It’s not the cakes – it’s the hunk of beef that’s judging them

Oops - it's not a pretzel

Oops – it’s not a pretzel

There was panic in our house last night at 8pm as we raced to find the sofa located somewhere beneath the teenager.  The final of the Great British Bake Off was about to begin.  Where was the remote control?

We were not alone – over nine million of us tuned in at some point during last night’s bake off.  It was intense from the first floury flurry.

Ruby, eyes glowing,  produced a perfect golden basket of a picnic pie;  Kimberley, clearly forlorn, could do little to save her top of the range soggy bottom; while Frances, cool as mint, flourished a fine display of middle.

There it was and we, with not a baker amongst us, were fascinated.  Why?  There was no shock, no war, no cleavages, no over the top gearing – just good decent people producing pies for the grandest bakers in land – Paul Hollywood and Mary Berry.

Challenge number two was pretzels.   Most of us were flummoxed – so were the contestants although Kimberley, who seemed to pick a fight with the dough, got top slot for technical.   That put her and Ruby a pastry twirl in front of Frances.

One more challenge to go and still no drum rolls or tough personal histories.   It was all kept bright and light and beautifully brief with presenters Mel Giedroyc and Sue Perkins bouncing between the benches to do their cheer-me-uppers.

That has to be it – the reason this works is that Love productions have found the formula for a happy place.   The show is art, it’s promise, it’s gentle tragedy and there are no murders, no subtitles, no policemen, no politicians.  The music is nostalgic; the contestants could be us; the judges have real authority; and the presenters are a pair of crazy carers who fling stress to the four corners.

Stress?  There is stress, baking-a-three-tier-wedding-cake-in-six-hours stress, but the stress is not the point.  It’s the coping and the cooking and they both seem to sweep us along.

On our sofa the teenager, all dials firmly set on cake equals chocolate, went into dramatic retching mode at the idea of passion fruit curd, or ginger and rhubarb.  Our, we-know-what-a-sieve-is concentration, remained poised.

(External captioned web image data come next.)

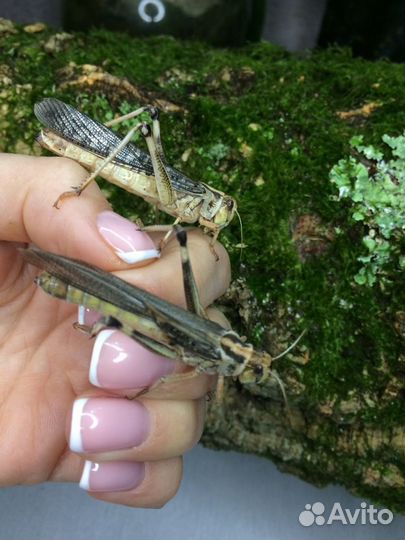 Саранча кормовая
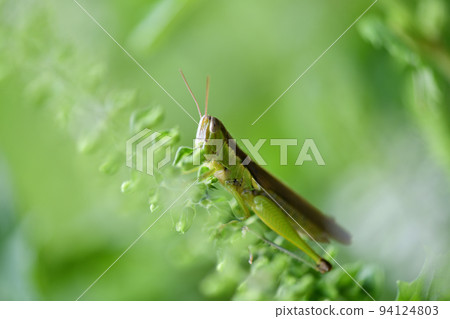 菠菜和藍紫蘇花 94124803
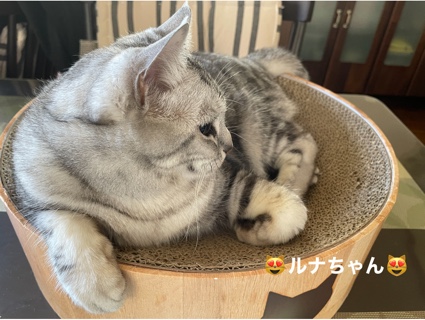 ルナちゃん 2458544B-85ED-489D-8917-3C7BD48728C9.jpeg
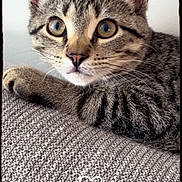 Novalynn is registered to the contest to win money with this photo: animal, cat, close_up, cute, ears, eyes, fabric, feline, gray, indoor, kitten, paw, pet, portrait, resting, striped, tabby, texture, whiskers, young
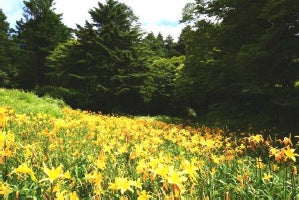 【六甲高山植物園】一面に広がる黄色の花畑 約2,000株の「ニッコウキスゲ」が見頃です！のサブ画像2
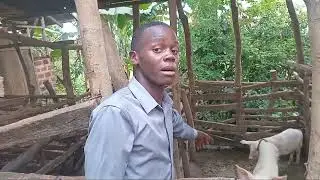 Pig master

We watched and wondered as contestants wilted and the clock ticked relentlessly.  Ruby’s cake looked a little SpongeBob in its finish, Kimberley’s was amazing but Frances’s, flowered with beetroot confetti, positively flounced its way over the finish.

When the full-stop shout went up it was all over but still the drums stayed silent as we strolled out into the sunshine to meet the families and hear the result.

This year it was Frances Quinn whose precision touch and final mastery of flavour conquered the judging palette.  The nation is still cheering  (with a light sprinkling of grumbles).

So … the verdict – Love productions have done it.  They have lured us into happy land with cheerful layers of cake – no wonder Cookie Monster has decided the time is right to join the BBC.

* Footnote:   The Quinn win was kept a secret for three months.  Nobody dropped a morsel – apart from a slightly confused Frenchman who managed to crumble the evidence.